Trying to remain neutral whilst describing British politics in the last 12 months leaves me with only one viable adjective: eventful. Though the initial Brexit announcement may feel like it happened in the 1800’s it was just 12 months ago. In fact, this week marks the first anniversary of the UK’s vote to leave the EU. What does a post-Brexit Britain look like for business? That’s anyone’s guess, and you’re best not to bring it up at the dinner table.
To further complicate things, we’re also watching the GDPR approaching over the horizon, bringing with it a set of tighter European cybersecurity legislation and your business will have to follow, and bigger fines if it doesn’t follow them.

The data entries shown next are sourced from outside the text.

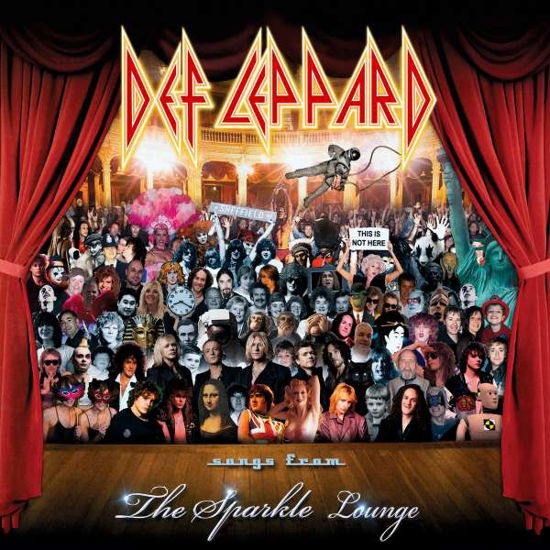 Songs From The Sparkle Lounge - Def Leppard - Música - UMC/MERCURY - 0602508180064 - 11 de junho de 2021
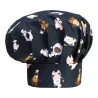 Cappello Cuoco Puppies Blu EGOCHEF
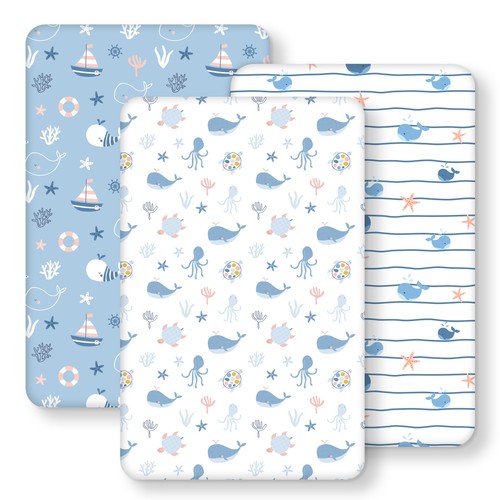 Fiemol next crib sheets - fiemol,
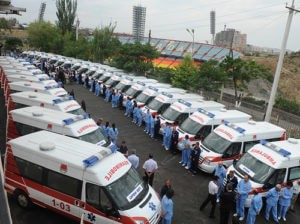 Китай предоставит Армении еще 200 машин скорой помощи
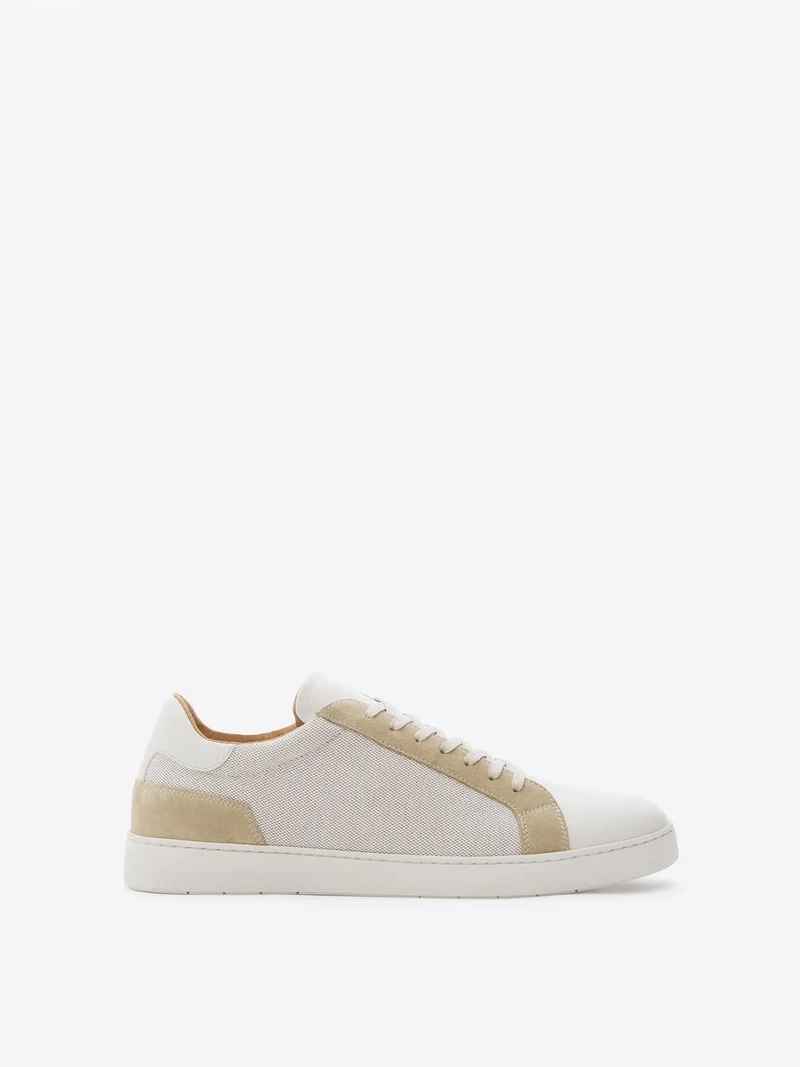 Baskets bicolore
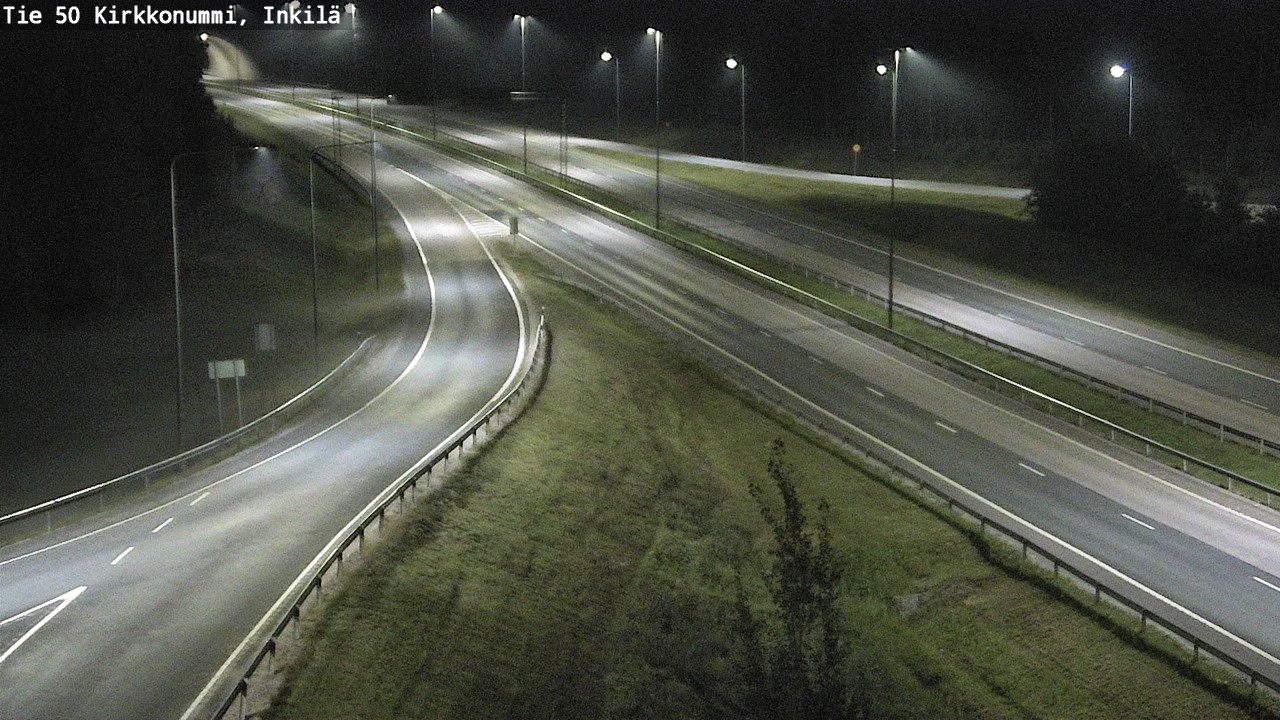 Kelikamerat Kuva Tie 50 Kirkkonummi, Inkilä, Kirkkonummi, Uusimaa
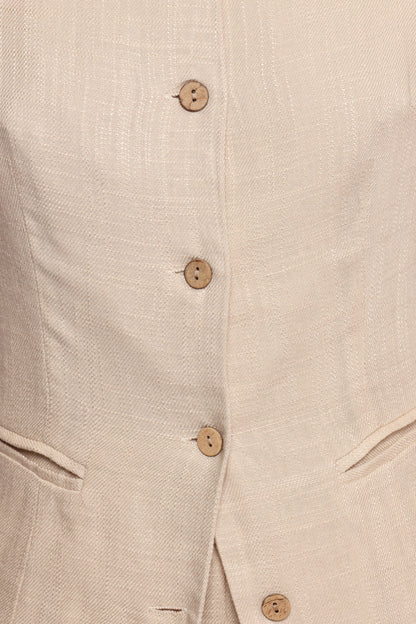 Angee Short Set - Oatmeal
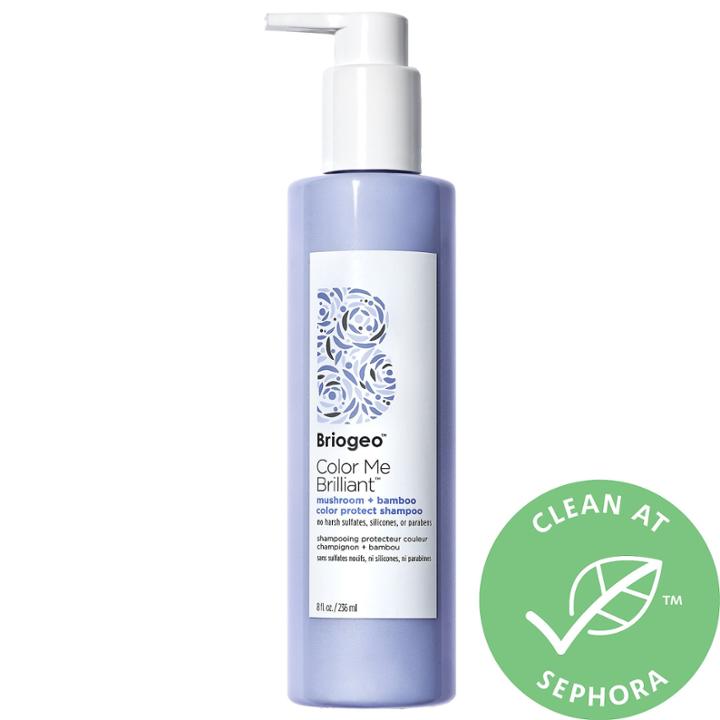 Briogeo Color Me Brilliant&trade; Mushroom + Bamboo Color Protect Shampoo 8 Oz/ 236 Ml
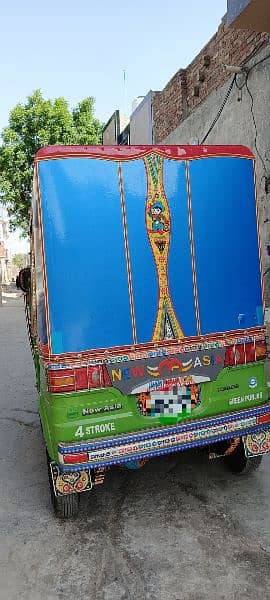 New Asia Supreme Rickshaw Full 10
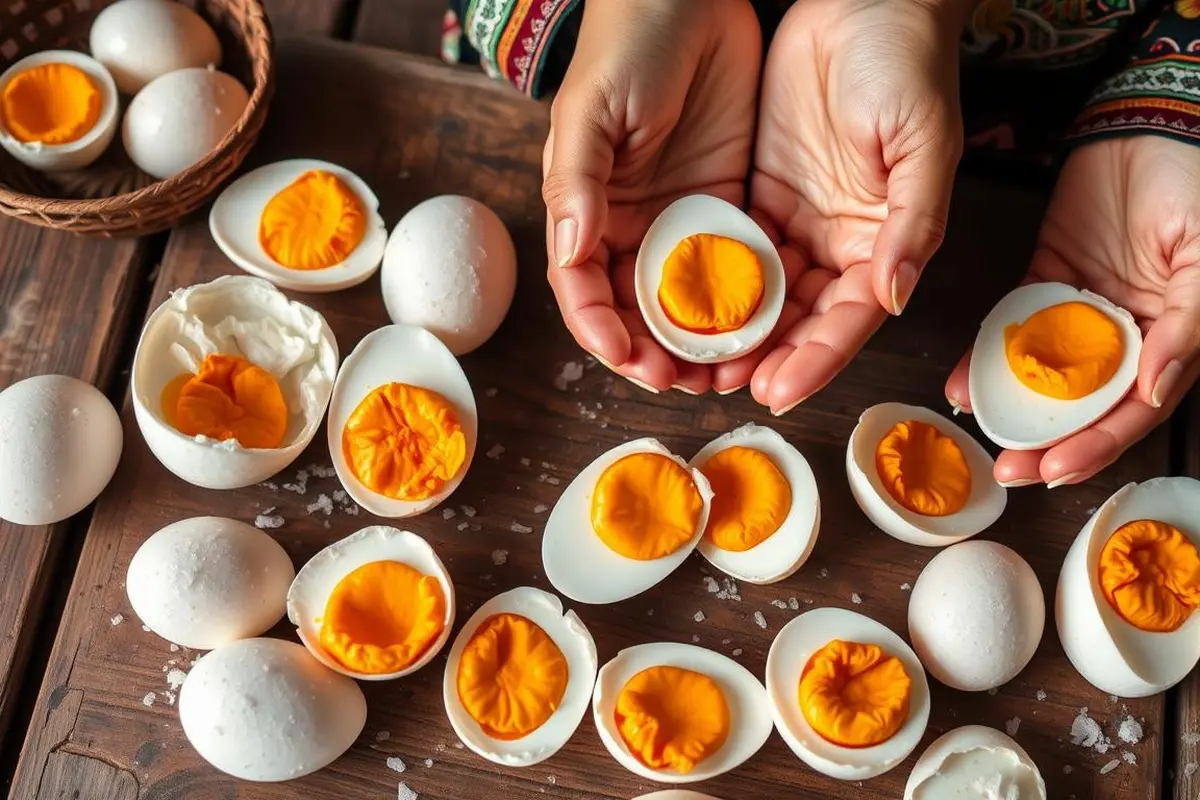 cara pembuatan telur asin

I wouldn’t blame you for thinking that the GDPR and Brexit were linked in some way. I did; talk of Brexit and the GDPR appeared at roughly the same time. They both seem pretty complicated and they both have something-or-other to do with the European Union. But they are not linked, which means that leaving the EU won’t have an immediate effect on GDPR regulation, and it will likely be the framework of our own Brexit-flavour data protection laws for the next few years.
Will Brexit make the GDPR invalid?
The short answer is no. The GDPR comes into effect for EU nations from 25th May 2018. The UK is set to go full Brexit on 29th March 2019. Let’s do the maths: that means there’s at least a year of GDPR compliance to prepare for, whether we leave the EU or somehow brush Article 50 under the rug, whistling inconspicuously, and pretending this never happened.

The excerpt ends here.